Now he has started off this week with a bang, one that's sure to leave the domestic automakers sweating.  White House staff said early Monday that neither Chrysler nor GM submitted satisfactory plans and that they had rejected GM's request for $16.6B USD more in bailout funds and Chrysler's request for an additional $5B USD according to MSNBC.  The decision sets up an endgame that may ultimately involve the demise of these two former bastions of the U.S. manufacturing and tech industry.

While denying full bailout funding, Washington has extended an offer of some assistance to GM and Chrysler under strict terms.  In Chrysler's case, the government states that a thorough review revealed it unable to sustain as an independent business.  The government suggests that Chrysler merge with Italian automaker Fiat SpA, which it already gave a 35 percent stake to several months ago.

White House officials say that it will offer up $6B USD in a one-time bailout offer to the pair if they can complete negotiations.  The Obama administration hopes a deal with Fiat, which already saw its own successful turnaround a few years ago, could save Chrysler.  However, if the pair cannot reach a deal the administration is prepared to walk away from funding, likely leaving Chrysler to its demise.

If this occurs, Chrysler's assets are likely headed for a complete sell-off.  It has no funds for other alternatives, and it already has undergone a previous devastating bankruptcy.

For GM, Washington is demanding a massive restructuring of the company's leadership, which started with the removal of Rick Wagoner.  The White House offered 60 days of operating money to sustain the company while it restructured, if it complies.  Fritz Henderson, GM's president and chief operating officer, reportedly has become the new CEO in compliance with the plan.  Board member Kent Kresa, the former chairman and CEO of defense contractor Northrop Grumman Corp., has taken over as the new chairman of the board.
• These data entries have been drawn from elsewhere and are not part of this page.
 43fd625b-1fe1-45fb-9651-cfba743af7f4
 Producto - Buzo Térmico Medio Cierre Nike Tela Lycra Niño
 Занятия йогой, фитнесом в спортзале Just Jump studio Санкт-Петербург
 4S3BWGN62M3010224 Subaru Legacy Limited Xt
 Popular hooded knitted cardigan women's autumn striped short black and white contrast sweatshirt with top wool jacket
According to White House officials, the majority of the rest of the board are expected to step down. 

After 60 days, GM is likely on its own unless the Obama administration has a change of heart.  GM has previously said that without bailout funds it cannot survive, and will be forced to liquidate.  So while its terms are just slightly gentler than Chrysler's, it ultimately may meet the same end.
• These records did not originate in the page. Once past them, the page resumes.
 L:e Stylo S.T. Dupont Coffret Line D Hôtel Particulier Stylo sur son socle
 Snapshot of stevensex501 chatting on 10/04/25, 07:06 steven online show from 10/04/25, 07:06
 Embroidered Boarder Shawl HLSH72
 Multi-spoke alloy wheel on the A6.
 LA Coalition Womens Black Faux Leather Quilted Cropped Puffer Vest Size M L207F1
President Obama stated on Meet The Press over the weekend, "We think we can have a successful U.S. auto industry. But it's got to be one that's realistically designed to weather this storm and to emerge -- at the other end -- much more lean, mean and competitive than it currently is."
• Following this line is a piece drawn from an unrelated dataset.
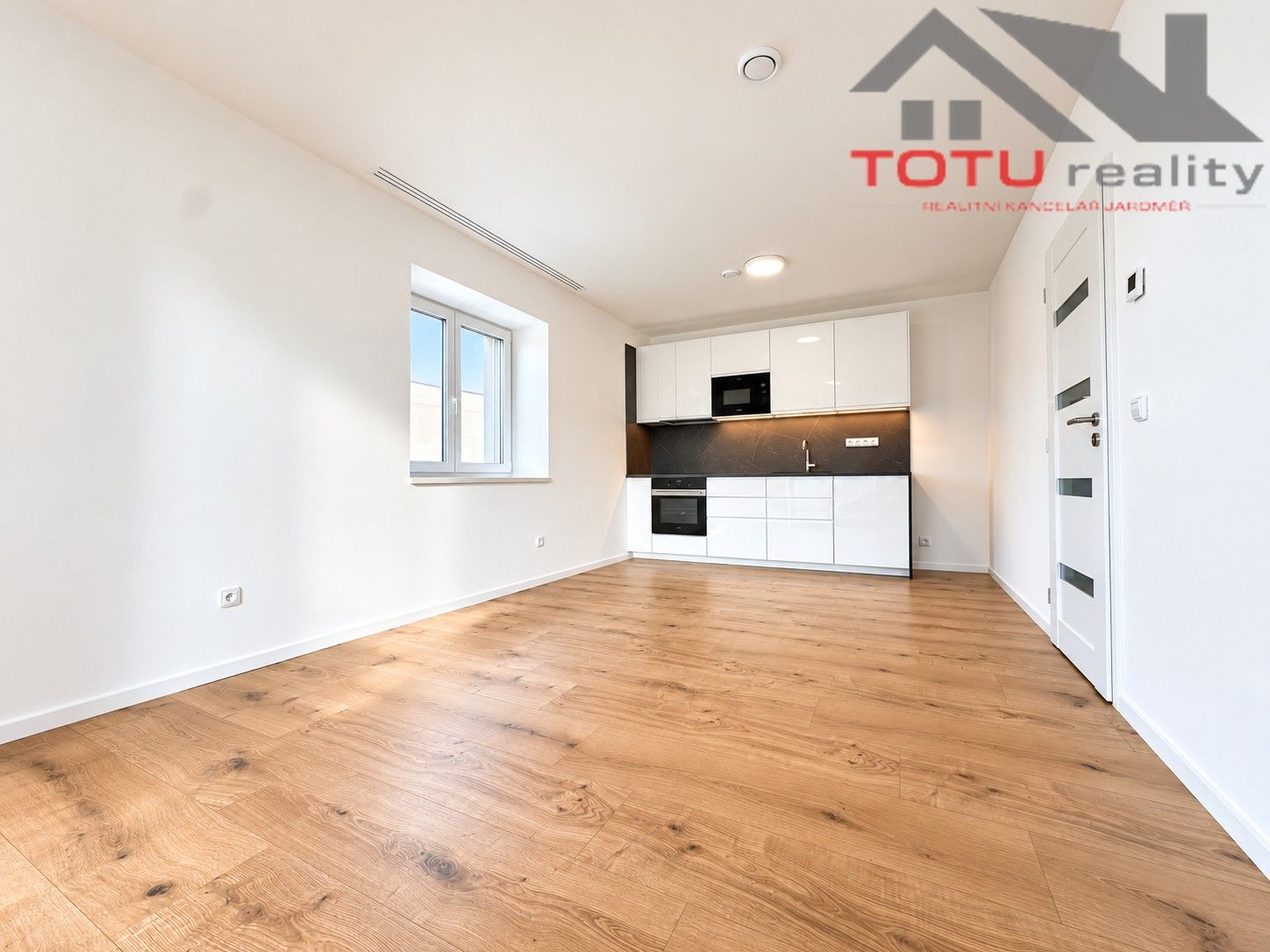 Pronájem byt 3+kk - Gen. Svobody, Černožice, 74 m² - 5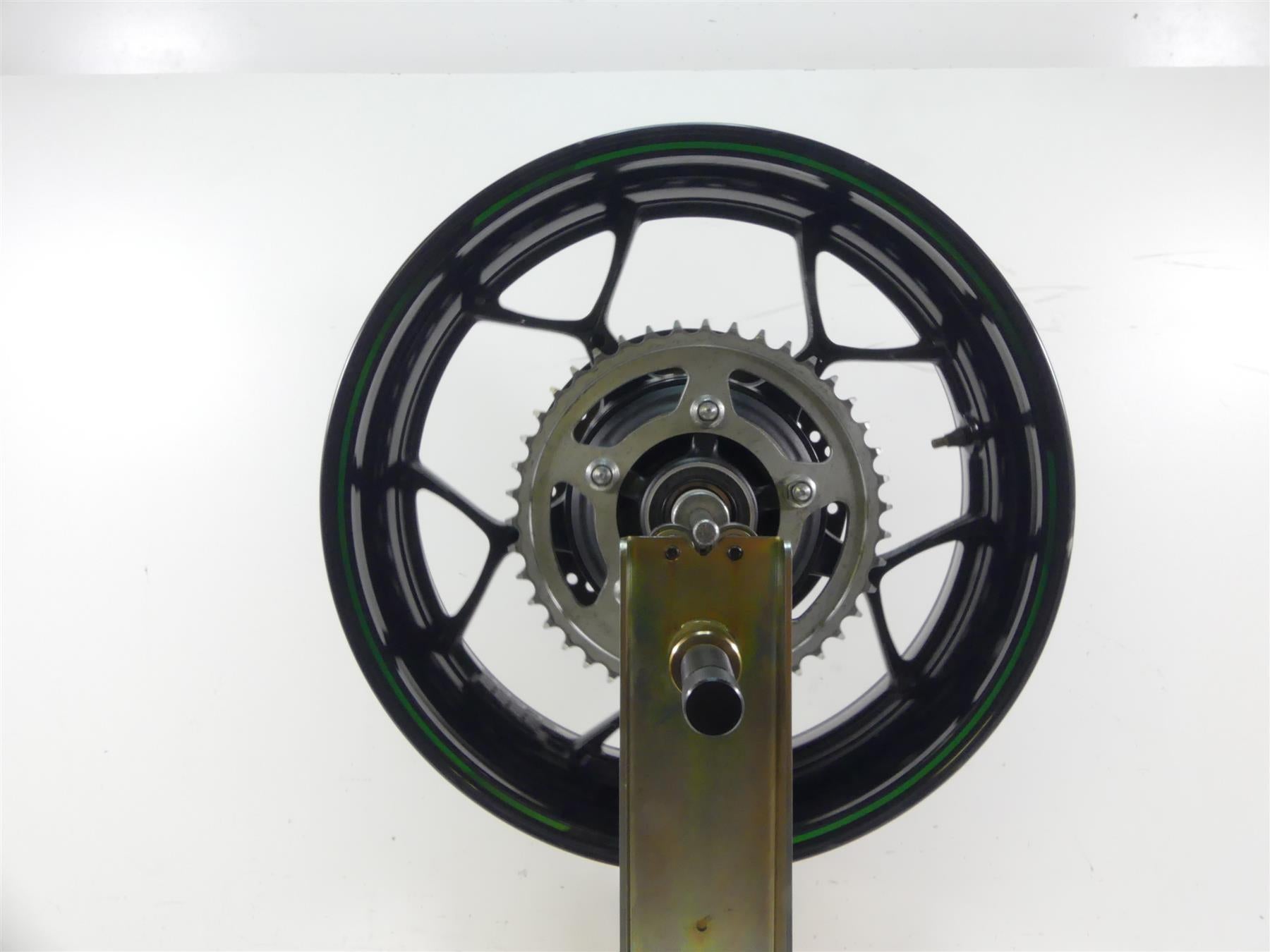 2019 Kawasaki ZX1400 ZX-14R Ninja Straight Rear Wheel Rim 17x6 41073-0574 {{ shop.shopifyCountryName }} - Mototech271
The Obama administration made the decision in the face of growing public discontent over the bailout.  Administration officials said that GM and Chrysler had not made good on their promises, and that the administration was doing the companies a favor not calling in the billions in bailout loans -- yet.  The White House remains optimistic that Chrysler and GM may survive, if they play by their rules.  The Obama administration says GM, in particular, has the best hopes as they say it has strong research potential with programs like the Chevy Volt, and still enjoys a good brand name.

Despite slashing thousands of jobs, GM and Chrysler have a gargantuan task ahead of them in trying to survive.  GM owes $28B USD to bondholders and $20B USD in retirement benefit and healthcare to former employees.  Chrysler owes about $7B USD in debt, mostly to banks, and owes $10.6B USD in retirement and health care.

If either company fails to meet the government's terms, administration officials reportedly want a forced restructuring under court supervision, rather than Chapter 11 bankruptcy.  Administration officials say that Chapter 11 is not their goal, but that there could be a "role for a court supervised process to effect the restructuring... different from Chapter 11."  However, many within both companies and many financial analysts state that such restructuring is high infeasible and liquidation is the only possible outcome.

Regardless of what the end result is, it is clear that whatever form GM or Chrysler emerge in, they will be much smaller.  In the process many tech professionals will be laid off, many dealerships will close, and many suppliers will likely fold.  In this respect the recession has just claimed its largest casualty yet.